Venice Biennale – Tabou Taboo

Selina Ting [ST]: In your project conceived and realized for the 53rd Venice Biennale, entitled Tabou Taboo, you chose to represent male nude models and portraits of exclusively male artists. This is a very different iconographical choice from your self-portraits in the past years. When did you start painting male figures? What are the ideas behind the choice of these figures?

Elke Krystufek [EK]: I started with male figures as a student when I painted, for example, my teacher Arnulf Rainer, my father, male friends, Andy Warhol, etc.. Over the years, besides the self portraits, I have also painted lovers and boyfriends, historical personalities, poets, a scientist, a yogi, actors, theorists etc.. I am always interested in painting other people, but at the same time, I like the idea of following a persona over the years, so the portrait becomes a pattern or a structure, like all the variations on the theme of the square.

ST: Can this “female painter VS male models” be seen as a hijack of the traditional male discursive power in the representation of male/female sexuality?

EK: Yes, but there was already an important project before Venice. On several occasions, i worked with the gay male artist Sands Murray-Wassink who asked me in 2002 to pose with him naked together which resulted in a series of photographs and a couple of performances. After the feedback on those works, I became interested in exploring the differences between working with a heterosexual model and following a professional procedure of letting my assistant choose someone whom I did not know before and had no personal projections involved during the painting process other than approximately one hour conversation before and after the shooting.

ST: Is female gaze and overt female desire still a taboo in the society today?

EK: I think it is still not discussed so often or a commodity that this female gaze exists. A lot of exploration on the female or feminist gaze is still to be done and has to transgress into mainstream culture.

©Elke Krystufek, Josef, Yusuf, Bas, 2006. Courtesy of the artist..

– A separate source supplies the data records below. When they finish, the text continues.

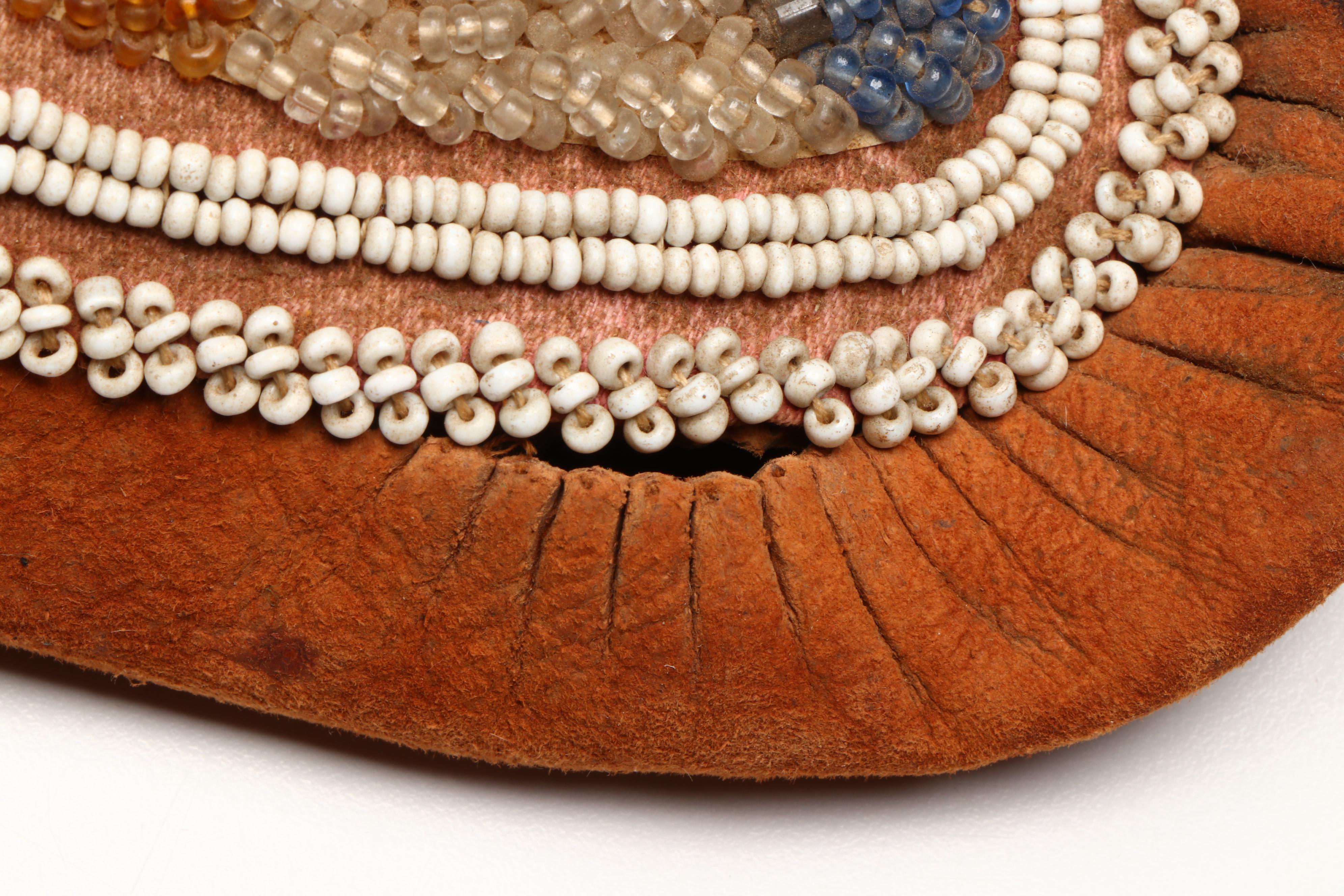 Pair of Haudenosaunee (Iroquois) Hand-Beaded Hide Moccasins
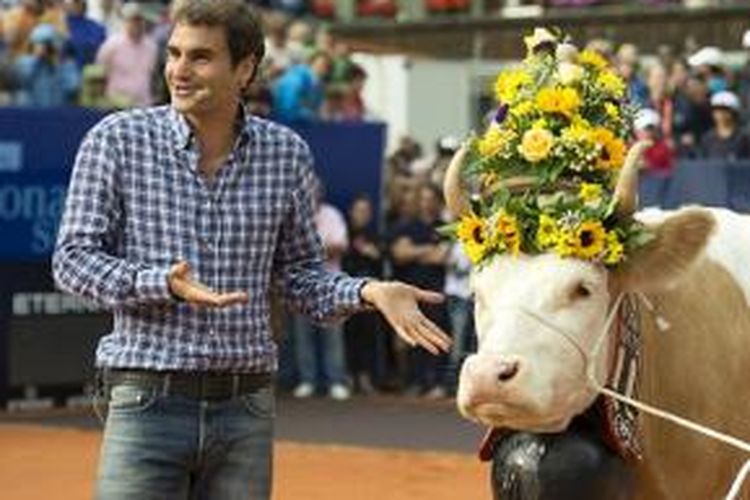 Petenis Swiss, Roger Federer, berdiri di samping Desiree, sapi betina yang jadi hadiah dari panitia Swiss Open, Senin (22/7/2013). 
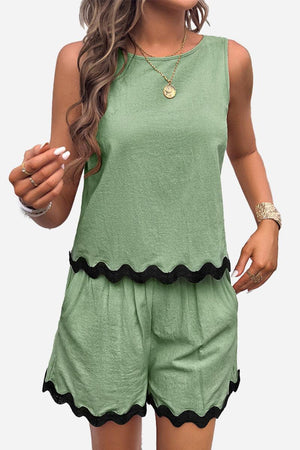 Flattering coastal scallop two-piece set in green with black scalloped hem, lightweight and breathable summer outfit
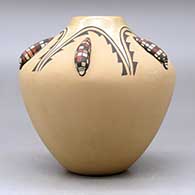 A polychrome jar decorated with five ear-of-corn appliques and a painted  five panel geometric design, click or tap to see a larger version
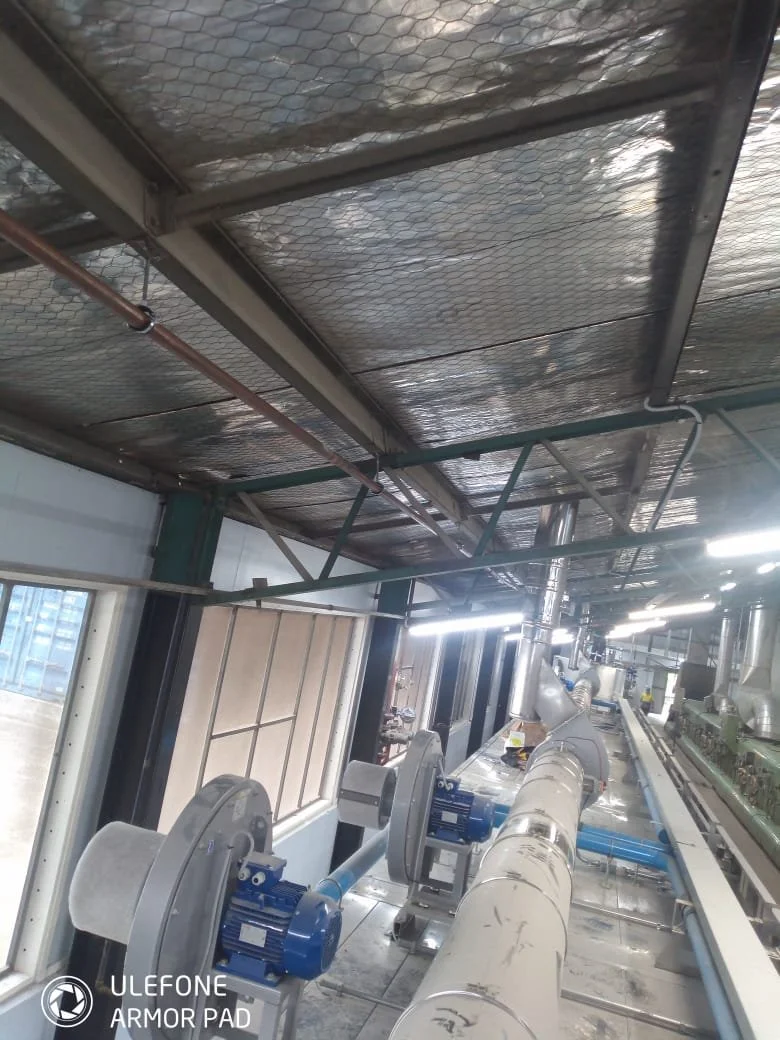 Industrial pipeline system with motors and metal framework inside a facility.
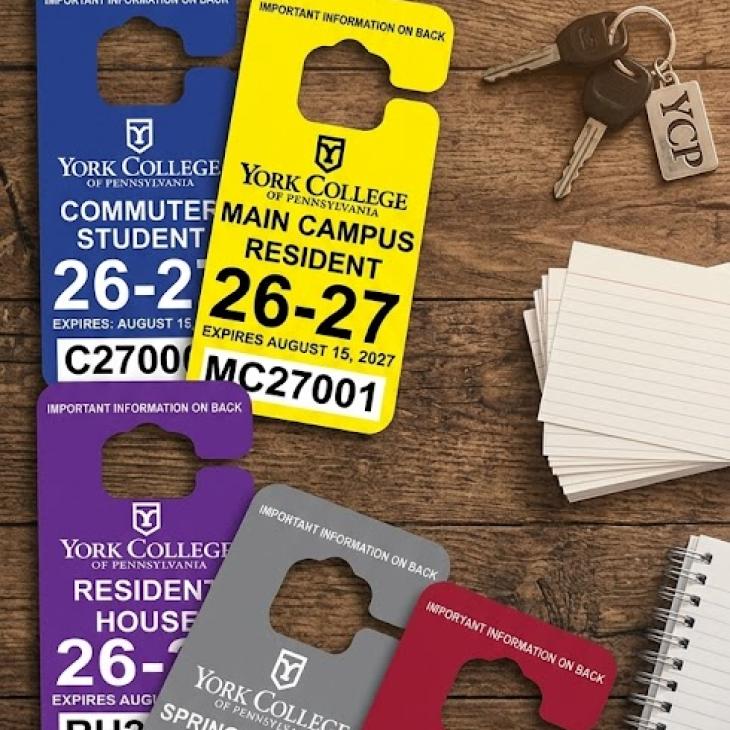 A collection of five York College of Pennsylvania parking permits in various colors (blue, yellow, purple, grey, and maroon) for the 2026-27 academic year, arranged on a wooden desk alongside keys and a notebook.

ST: The way you extend the painting, drawing, writing from the canvases onto the walls and pillars of the pavilion makes the entire space become one single piece of site-specific work. The omnipresence of the artist is so strong that I have the feeling of witnessing a post-performance scene in which your brushwork becomes a performance. How did you feel when you were working there?

EK: The working situation was very difficult as the pavillon was not ready to be a studio when I started working. Part of the first work phase was to transform the pavilion into a studio with the help of my team. Usually it takes me some time to get accustomed to a studio and it can be some months or years until I have a sufficient painting mood to really paint in the manner I intend to. The pavilion was a very interactive space, with lots of visitors during the whole time of the production, so the mode of painting reacts on that situation, and in that way working there had performactive aspects.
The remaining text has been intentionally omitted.